Questo sentire interno ha, già in Aristotele, sollevato il problema della sua sospensione durante il sonno. Se è dato per vero che sentire è essere - con un netto anticipo rispetto al quasi equivalente ‘penso, dunque sono’ cartesiano - cosa accade quando durante il sonno il nostro percepire scema fino a livelli minimi? Com’è possibile che pur nel sonno più pesante piccole sollecitazioni possano indurre il risveglio? Il sentire durante il sonno non sarebbe cosí completamente annullato, qualcosa rimarrebbe, nell’anima in relazione al corpo, per far si che dal sonno si possa tornare alla veglia: “Qualcosa parla, da qualche parte nell’anima, per dire semplicemente «che quel che […] appare è un sogno» (enypnion to phainomenon) – sollecitando così (ma delicatamente) l’essere animato a iniziare il risveglio” (p. 58). Con le parole di Valéry Heller-Roazen asserisce che non è il soggetto a risvegliarsi, ma è il risveglio che ha come risultato finale un io; un io che emerge da un processo in cui non ha alcuna coincidenza: “un essere sensitivo riprende i sensi fuori da sé, risvegliato, prima ancora che si possa dire che sia sveglio” (p. 61). Altra cosa è il “riaversi”; è lo stato “l’istante in cui io torno, dopo il sonno, lo shock o lo stordimento, a me stesso” (p. 175). Per Heller-Roazen è come se l’io non coincidesse con l’atto del risveglio, ma solo con l’atto, forse volontario, di riaversi, di riappropriarsi di se stessi seguente al risveglio. In questo spazio intermedio si potrebbe trovare una “sorta di vaga e illimitata estensione” (p. 194) che anticipa la delimitazione tattile dello spazio soggettivo. Questo spazio, che interessò tra gli altri anche Merleau-Ponty, potrebbe essere la causa di alcune malattie psichiatriche (p. 233) o la possibilità che si manifesti il cosiddetto ‘arto fantasma’ negli amputati (p. 225), proprio a causa della mancanza di una percezione tattile del proprio spazio soggettivo o il suo ritardo o lo spostamento della percezione in uno spazio non proprio. È l’insufficienza della percezione della realtà propria a causare problemi: il motto cartesiano ‘io penso, dunque sono’ non è più sufficiente; si potrebbe continuare a pensare, in uno spazio vago e illimitato, ma non appartenersi, non essere se stessi (cfr. 241).
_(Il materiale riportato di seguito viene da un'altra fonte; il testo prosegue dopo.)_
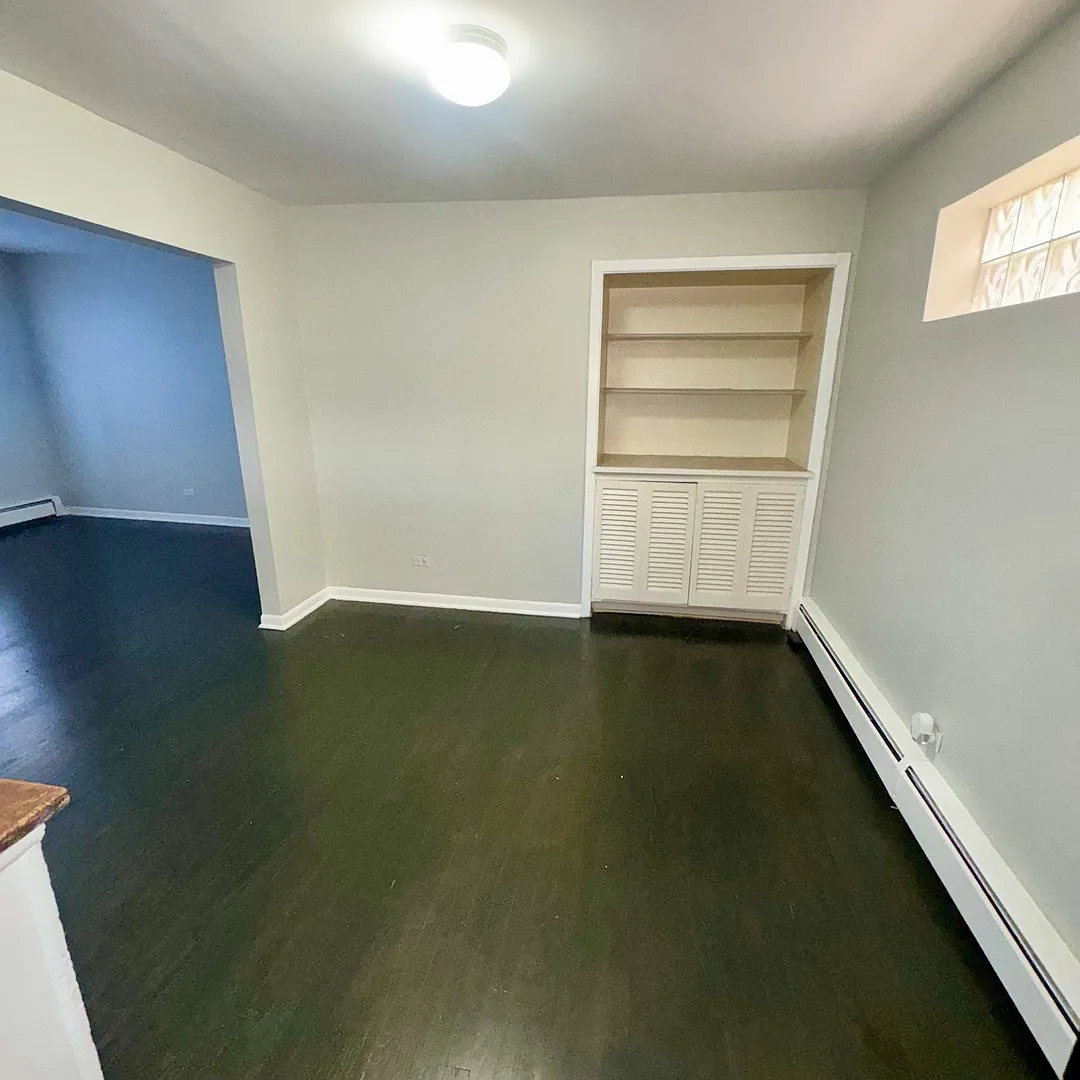 2 bed, 1.5 bath, 4092 sqft, $1,850 — Photo 3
Nell’ultimo capitolo intitolato Intoccabile - con un sottotitolo spiazzante, Un epilogo, contenente ciò che forse il lettore potrebbe aspettarsi di trovare -, Heller-Roazen torna ad Aristotele dopo aver percorso l’intera storia della filosofia (tradizione araba compresa).  Ciò che più pone una differenza ontologica tra uomo e animale (il tatto interno abbiamo visto essere un loro tratto comune) è il gusto, una specie di tatto della lingua (p. 246): è il senso con cui l’uomo ha la possibilità di primeggiare rispetto agli altri animali. Vista, udito e olfatto sono sensi che mettono l’uomo in inferiorità rispetto agli altri animali. Un aquila, un pipistrello e un cane lo sopravanzano senza competizione. Per Aristotele è la possibilità tutta umana di toccare l’intoccabile a rendere l’uomo il più intelligente tra gli animali: “Un medium, non importa quanto sottile possa sembrare, deve separare i due termini tattili, proprio mentre garantisce loro l’elemento nel quale possono incontrarsi” (p. 249). In questa separazione si crea l’intoccabilità, la distanza, del tattile e proprio in questa separazione si può trovare quella “sorta di vaga e illimitata estensione” che ci permette, al di là della soggettività, di incontrare l’altro. Giorgio Agamben direbbe che in questa distanza, in questo spazio a-soggettivo si trova “«la base ontologica» per l’intera teoria dell’amicizia” (p. 250), probabilmente il sentimento più umano che possediamo.